Create a Profile

After you install Profiler, you must define the profile and upload the definition to ZooKeeper.

  1. Create a table within HBase that will store the profile data.
    $ /usr/hdp/current/hbase-client/bin/hbase shell
    hbase(main):001:0> create 'profiler', 'P'
    The table name and column family must match the Profiler's configuration.
  2. Define the profile in a file located at $METRON_HOME/config/zookeeper/profiler.json.
    The following example JSON creates a profile that simply counts the number of messages per ip_src_addr during each sampling interval.
    {
      "profiles": [
        {
          "profile": "test",
          "foreach": "ip_src_addr",
          "init":    { "count": 0 },
          "update":  { "count": "count + 1" },
          "result":  "count"
        }
      ]
    }
    The following table lists the supported profile elements:
    Name Description
    profile Required A unique name identifying the profile. The field is treated as a string.
    foreach Required

    A separate profile is maintained 'for each' of these. This is effectively the entity that the profile is describing. The field is expected to contain a Stellar expression whose result is the entity name.

    For example, if ip_src_addr then a separate profile would be maintained for each unique IP source address in the data; 10.0.0.1, 10.0.0.2, etc.

    onlyif Optional An expression that determines if a message should be applied to the profile. A Stellar expression that returns a Boolean is expected. A message is only applied to a profile if this expression is true. This allows a profile to filter the messages that get applied to it.
    groupBy Optional

    One or more Stellar expressions used to group the profile measurements when persisted. This is intended to sort the Profile data to allow for a contiguous scan when accessing subsets of the data.

    The 'groupBy' expressions can refer to any field within aorg.apache.metron.profiler.ProfileMeasurement. A common use case would be grouping by day of week. This allows a contiguous scan to access all profile data for Mondays only. Using the following definition would achieve this.

    "groupBy": [ "DAY_OF_WEEK()" ] 
    init Optional

    One or more expressions executed at the start of a window period. A map is expected where the key is the variable name and the value is a Stellar expression. The map can contain 0 or more variables/expressions. At the start of each window period the expression is executed once and stored in a variable with the given name.

    "init": {
      "var1": "0",
      "var2": "1"
    }
    update Required

    One or more expressions executed when a message is applied to the profile. A map is expected where the key is the variable name and the value is a Stellar expression. The map can include 0 or more variables/expressions. When each message is applied to the profile, the expression is executed and stored in a variable with the given name.

    "update": {
      "var1": "var1 + 1",
      "var2": "var2 + 1"
    }
    result Required

    A Stellar expression that is executed when the window period expires. The expression is expected to summarize the messages that were applied to the profile over the window period. The expression must result in a numeric value such as a Double, Long, Float, Short, or Integer.

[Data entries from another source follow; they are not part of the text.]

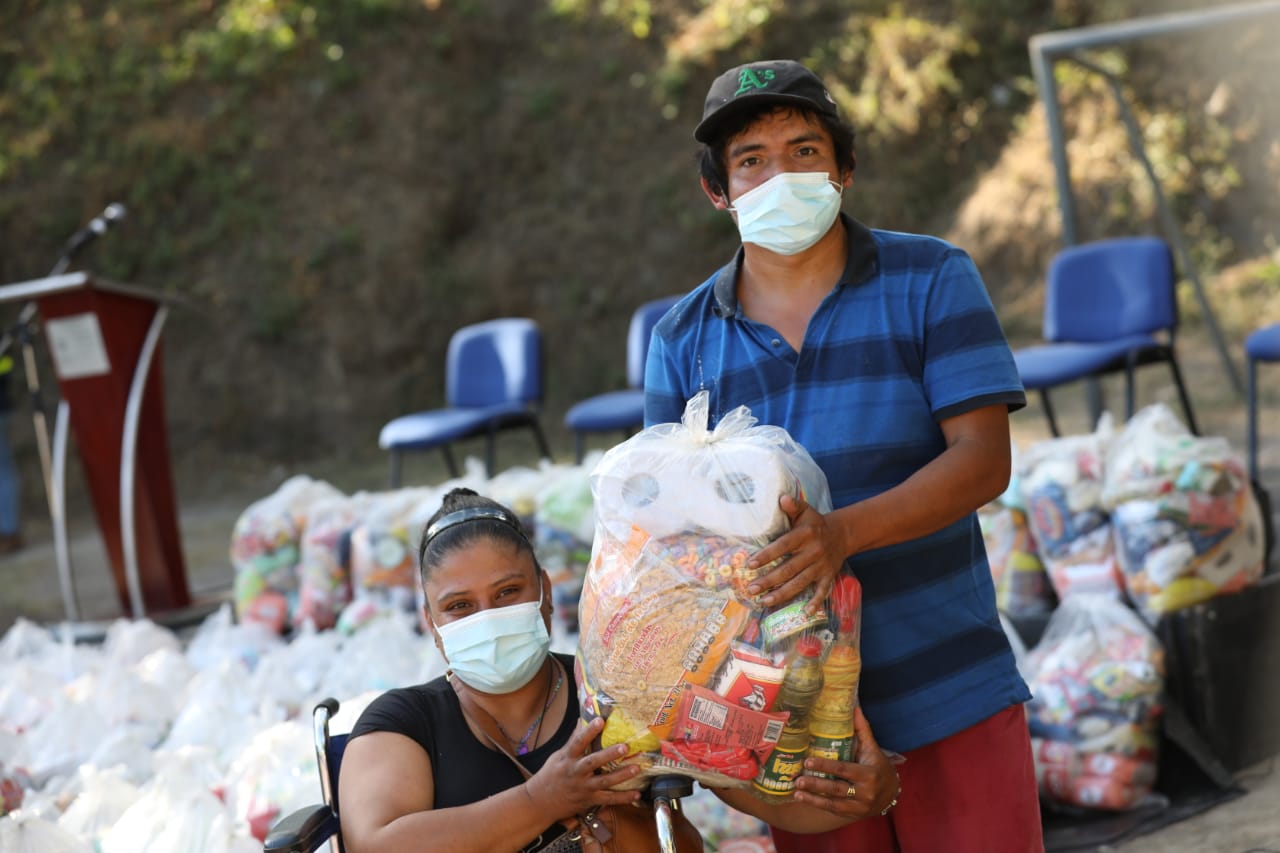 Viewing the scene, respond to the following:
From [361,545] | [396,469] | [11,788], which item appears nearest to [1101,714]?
[361,545]

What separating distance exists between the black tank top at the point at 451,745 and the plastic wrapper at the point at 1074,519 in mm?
1738

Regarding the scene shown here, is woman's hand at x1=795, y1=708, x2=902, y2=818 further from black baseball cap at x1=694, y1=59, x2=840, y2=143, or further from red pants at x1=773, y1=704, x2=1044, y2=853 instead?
black baseball cap at x1=694, y1=59, x2=840, y2=143

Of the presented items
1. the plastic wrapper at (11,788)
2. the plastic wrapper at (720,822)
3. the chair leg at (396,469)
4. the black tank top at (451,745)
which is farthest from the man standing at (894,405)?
the chair leg at (396,469)

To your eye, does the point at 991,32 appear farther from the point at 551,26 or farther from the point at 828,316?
the point at 828,316

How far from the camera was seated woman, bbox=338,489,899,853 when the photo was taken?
1.56 meters

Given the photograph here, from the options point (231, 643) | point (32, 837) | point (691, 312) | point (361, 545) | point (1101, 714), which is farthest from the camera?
point (231, 643)

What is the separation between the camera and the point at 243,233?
37.4 ft

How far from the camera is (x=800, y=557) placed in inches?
52.1

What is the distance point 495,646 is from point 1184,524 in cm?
190

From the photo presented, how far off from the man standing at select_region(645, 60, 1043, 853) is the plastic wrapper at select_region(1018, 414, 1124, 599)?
1589 millimetres

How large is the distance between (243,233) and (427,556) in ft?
33.7

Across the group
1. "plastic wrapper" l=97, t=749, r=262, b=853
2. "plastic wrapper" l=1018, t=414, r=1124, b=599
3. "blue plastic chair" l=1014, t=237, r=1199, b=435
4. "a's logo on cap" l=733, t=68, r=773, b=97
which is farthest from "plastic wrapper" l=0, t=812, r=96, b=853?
"blue plastic chair" l=1014, t=237, r=1199, b=435

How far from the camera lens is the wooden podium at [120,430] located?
207 inches

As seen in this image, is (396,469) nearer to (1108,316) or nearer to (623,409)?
(623,409) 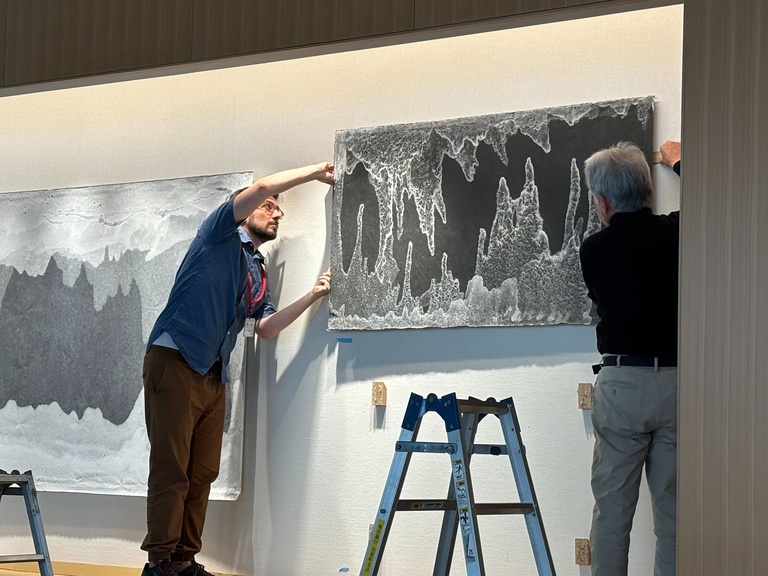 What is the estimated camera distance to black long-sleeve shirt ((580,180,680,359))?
328cm

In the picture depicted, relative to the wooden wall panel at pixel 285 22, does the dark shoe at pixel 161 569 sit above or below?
below

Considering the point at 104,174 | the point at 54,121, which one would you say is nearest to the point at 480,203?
the point at 104,174

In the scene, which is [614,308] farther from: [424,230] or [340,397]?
[340,397]

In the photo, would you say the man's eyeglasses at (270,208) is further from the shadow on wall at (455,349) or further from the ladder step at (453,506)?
the ladder step at (453,506)

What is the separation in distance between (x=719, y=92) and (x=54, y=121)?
3598 mm

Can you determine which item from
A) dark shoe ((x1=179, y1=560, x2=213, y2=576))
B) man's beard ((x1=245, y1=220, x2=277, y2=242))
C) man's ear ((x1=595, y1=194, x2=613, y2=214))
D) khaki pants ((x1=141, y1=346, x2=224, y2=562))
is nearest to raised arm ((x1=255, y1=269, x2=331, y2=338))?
man's beard ((x1=245, y1=220, x2=277, y2=242))

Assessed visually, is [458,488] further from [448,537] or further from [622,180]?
[622,180]

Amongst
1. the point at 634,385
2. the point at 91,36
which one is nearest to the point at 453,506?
the point at 634,385

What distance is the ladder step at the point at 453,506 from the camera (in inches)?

    For more advanced use cases, a profile can generate two types of results. A profile can define one or both of these result types at the same time.

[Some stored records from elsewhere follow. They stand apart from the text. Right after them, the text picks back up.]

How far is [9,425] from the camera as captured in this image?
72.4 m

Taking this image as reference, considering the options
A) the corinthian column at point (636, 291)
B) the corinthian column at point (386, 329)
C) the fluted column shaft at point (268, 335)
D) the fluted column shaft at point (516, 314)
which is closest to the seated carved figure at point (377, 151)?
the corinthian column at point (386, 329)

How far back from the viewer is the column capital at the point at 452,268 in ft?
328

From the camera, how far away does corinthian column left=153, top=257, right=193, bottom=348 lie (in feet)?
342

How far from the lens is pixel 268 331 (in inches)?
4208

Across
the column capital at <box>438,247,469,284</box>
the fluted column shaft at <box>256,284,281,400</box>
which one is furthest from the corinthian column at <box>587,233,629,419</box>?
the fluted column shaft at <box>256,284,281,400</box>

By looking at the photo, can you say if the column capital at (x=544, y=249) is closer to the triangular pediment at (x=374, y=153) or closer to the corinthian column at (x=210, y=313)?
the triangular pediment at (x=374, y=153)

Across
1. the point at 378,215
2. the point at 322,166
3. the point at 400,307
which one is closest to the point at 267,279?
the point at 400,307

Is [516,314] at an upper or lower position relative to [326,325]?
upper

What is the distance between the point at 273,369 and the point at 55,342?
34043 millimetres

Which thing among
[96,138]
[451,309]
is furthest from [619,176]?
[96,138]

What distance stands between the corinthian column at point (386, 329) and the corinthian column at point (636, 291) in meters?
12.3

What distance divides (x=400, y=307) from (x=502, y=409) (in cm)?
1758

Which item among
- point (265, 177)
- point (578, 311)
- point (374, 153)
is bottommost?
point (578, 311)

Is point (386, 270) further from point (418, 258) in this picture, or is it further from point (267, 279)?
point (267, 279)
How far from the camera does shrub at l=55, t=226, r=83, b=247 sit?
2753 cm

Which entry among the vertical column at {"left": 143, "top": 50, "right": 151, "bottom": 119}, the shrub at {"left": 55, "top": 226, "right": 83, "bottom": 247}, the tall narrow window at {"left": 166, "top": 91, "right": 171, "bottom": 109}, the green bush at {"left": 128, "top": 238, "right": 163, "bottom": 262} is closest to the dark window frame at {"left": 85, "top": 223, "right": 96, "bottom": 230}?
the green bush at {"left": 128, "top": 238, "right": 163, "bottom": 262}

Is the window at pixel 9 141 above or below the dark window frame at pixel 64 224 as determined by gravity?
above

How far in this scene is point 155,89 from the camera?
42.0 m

    • profile: A required expression that defines a value that is persisted for later retrieval.
    • triage: An optional expression that defines values that are accessible within the Threat Triage process.
    expires Optional A numeric value that defines how many days the profile data is retained. After this time, the data expires and is no longer accessible. If no value is defined, the data does not expire.
  3. Upload the profile definition to ZooKeeper:
    $ cd /$METRON_HOME/
    $ bin/zk_load_configs.sh -m PUSH -i config/zookeeper/ -z $ZOOKEEPER_HOST:2181
  4. Start the Profiler topology:
    $ bin/start_profiler_topology.sh
  5. Ensure that test messages are being sent to the Profiler's input topic in Kafka.
    The Profiler will consume messages from the inputTopic defined in the Profiler's configuration.
  6. Check the HBase table to validate that the Profiler is writing the profile.
    $ /usr/hdp/current/hbase-client/bin/hbase shell
    hbase(main):001:0> count 'profiler'
    *** Output Information ***
    Remember that the Profiler is flushing the profile every 15 minutes. You will need to wait at least this long to start seeing profile data in HBase.
  7. Use the Profiler Client to read the profile data.
    The following example PROFILE_GET command reads data written by the sample profile given above, if 10.0.0.1 is one of the input values for ip_src_addr. For more information on using the API client, refer to Accessing Profiles.
    $ bin/stellar -z $ZOOKEEPER_HOST:2181
    
    [Stellar]>>> PROFILE_GET( "test", "10.0.0.1", PROFILE_FIXED(30, "MINUTES"))
    [451, 448]